Ciampa, da buon siciliano, intuisce il piano di Beatrice, ma prima di soddisfare la richiesta della moglie del principale, in un lungo monologo, da cui traspare tutta la tristezza del povero cristo anziano che si accontenta di spartire la giovane consorte, ammonisce Beatrice sulle tre corde: la corda civile, la corda pazza e la corda seria. La corda civile è quella dell’ipocrisia che ci permette il quieto vivere nel consorzio umano, la corda seria è quella della razionalità che consente il dominio degli istinti; entrambe sono necessarie per evitare di fare scattare la terza corda: la corda pazza, che consente il libero sfogo di quelle passioni che possono portare persino all’omicidio.

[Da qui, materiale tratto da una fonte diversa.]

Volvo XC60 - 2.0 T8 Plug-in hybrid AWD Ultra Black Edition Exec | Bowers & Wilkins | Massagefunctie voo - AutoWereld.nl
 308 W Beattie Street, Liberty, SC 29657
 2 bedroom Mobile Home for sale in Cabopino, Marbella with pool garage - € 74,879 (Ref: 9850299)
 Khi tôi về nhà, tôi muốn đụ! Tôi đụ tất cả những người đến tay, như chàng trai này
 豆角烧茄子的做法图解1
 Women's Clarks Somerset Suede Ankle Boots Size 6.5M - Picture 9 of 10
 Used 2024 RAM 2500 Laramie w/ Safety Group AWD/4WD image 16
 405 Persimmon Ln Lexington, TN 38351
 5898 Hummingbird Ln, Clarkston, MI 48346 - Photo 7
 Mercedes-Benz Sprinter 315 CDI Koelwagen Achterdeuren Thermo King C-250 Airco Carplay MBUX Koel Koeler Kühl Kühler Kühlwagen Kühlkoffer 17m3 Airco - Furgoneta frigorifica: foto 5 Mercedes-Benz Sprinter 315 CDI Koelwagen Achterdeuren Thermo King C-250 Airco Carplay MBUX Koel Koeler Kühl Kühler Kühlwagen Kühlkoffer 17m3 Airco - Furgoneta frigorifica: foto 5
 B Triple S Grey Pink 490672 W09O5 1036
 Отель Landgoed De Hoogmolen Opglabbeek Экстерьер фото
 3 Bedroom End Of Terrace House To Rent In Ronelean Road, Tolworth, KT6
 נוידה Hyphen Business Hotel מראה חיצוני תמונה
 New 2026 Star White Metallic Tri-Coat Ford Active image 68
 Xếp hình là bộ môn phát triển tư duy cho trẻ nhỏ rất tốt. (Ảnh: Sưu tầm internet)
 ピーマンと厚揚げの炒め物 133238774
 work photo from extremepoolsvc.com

Ciampa, infatti, da siciliano che deve rispettare il codice d’onore impostogli dal suo humus culturale, “deve” uccidere la giovane moglie e il cavalier Fiorìca, una volta che è stato sputtanato come becco davanti all’opinione pubblica, in seguito all’intervento della polizia nell’ufficio del cavaliere, dopo la denuncia di Beatrice. L’unica soluzione possibile al delitto d’onore è quella dell’ipocrisia: Beatrice deve fingere d’essere pazza e, per essere convincente, dev’essere ricoverata in una casa si cura. La soluzione proposta da Ciampa viene gradualmente ma coralmente approvata e Beatrice alla fine fa la pazza, sbeffeggiando Ciampa.